Christmas and New Year’s Eve 1975

One of my friends in the support group visited her family for Christmas and New Years. She offered me use of her house and her VW bus for two weeks. Since I lived in a one-room apartment and shared a bathroom on a hall, I was thrilled. A bathroom to myself!

I called Nancy and arranged to drive to Worcester to pick her up at Clark University, expecting a romantic weekend in the house, snuggled up in front of the big stone fireplace. When we got back to the house, I made a big fire and got a couple of beers for us, but Nancy kept pushing me away, both physically and emotionally. I didn’t understand why she was as thrilled with having time alone with me as I was having time alone with her.
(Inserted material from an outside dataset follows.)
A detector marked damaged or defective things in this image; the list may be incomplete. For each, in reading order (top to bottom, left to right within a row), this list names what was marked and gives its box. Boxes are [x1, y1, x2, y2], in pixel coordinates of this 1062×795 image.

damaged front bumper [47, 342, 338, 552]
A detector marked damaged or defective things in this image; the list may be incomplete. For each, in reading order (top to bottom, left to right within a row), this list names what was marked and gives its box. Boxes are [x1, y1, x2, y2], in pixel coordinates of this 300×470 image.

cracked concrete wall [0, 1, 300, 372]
We were young; my libido was in full bloom – why weren’t we having wild sex?

Even the Bible says there’s a time for all things – a time for intellectualizing and a time for, well, sex. All Nancy did was talk. I am as chatty as the next person, but I did not go through everything I did to come out and live as a lesbian so I could talk more often. It was a frustrating weekend, and I was not sorry to take her back to college.

New Year’s Eve was more in line with how I wanted my life to go. My friend MV called the house and told me about a lesbian party, somewhere in Hatfield, MA. With only the sketchiest of directions in hand, she picked me up around 8pm. We stopped at the liquor store on Rte 9, Hadley, got a couple of six packs and began our search.
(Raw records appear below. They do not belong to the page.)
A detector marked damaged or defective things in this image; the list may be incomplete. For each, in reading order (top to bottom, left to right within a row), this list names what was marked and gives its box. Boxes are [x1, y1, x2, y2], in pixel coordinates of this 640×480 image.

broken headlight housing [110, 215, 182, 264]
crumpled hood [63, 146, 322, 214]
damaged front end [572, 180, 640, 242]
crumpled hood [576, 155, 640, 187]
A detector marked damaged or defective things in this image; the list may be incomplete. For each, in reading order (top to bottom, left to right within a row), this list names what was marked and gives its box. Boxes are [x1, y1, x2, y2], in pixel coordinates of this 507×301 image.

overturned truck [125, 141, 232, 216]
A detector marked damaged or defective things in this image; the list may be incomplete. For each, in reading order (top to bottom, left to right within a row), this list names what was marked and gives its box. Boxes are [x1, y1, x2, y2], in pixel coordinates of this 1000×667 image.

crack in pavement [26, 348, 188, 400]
Hatfield may be a small town, but it’s honeycombed with little streets. I’m not sure we would have ever found the house if MV hadn’t spotted a car she recognized. We figured they were probably going to the same party, but when we got there we only saw a couple of other cars. Neither of us knew the women throwing the party and we hadn’t really been invited. We expected to get lost in the crowd, expecting to see women we knew eventually. So we sat in the car, with the heater running, and consumed a couple of beers each before the number of partygoers had reached a reasonable number in which we could get lost.

Taking our remaining beers in with us, we were both immediately swallowed up by the crowd. Other women from our support group were there, including Mo who was involved with a group starting a battered women’s shelter in nearby Franklin County. The rooms were pretty dark, beer was flowing freely, and the music was loud. More people came in. Then even more people came in. We were trying to dance, but there wasn’t much room.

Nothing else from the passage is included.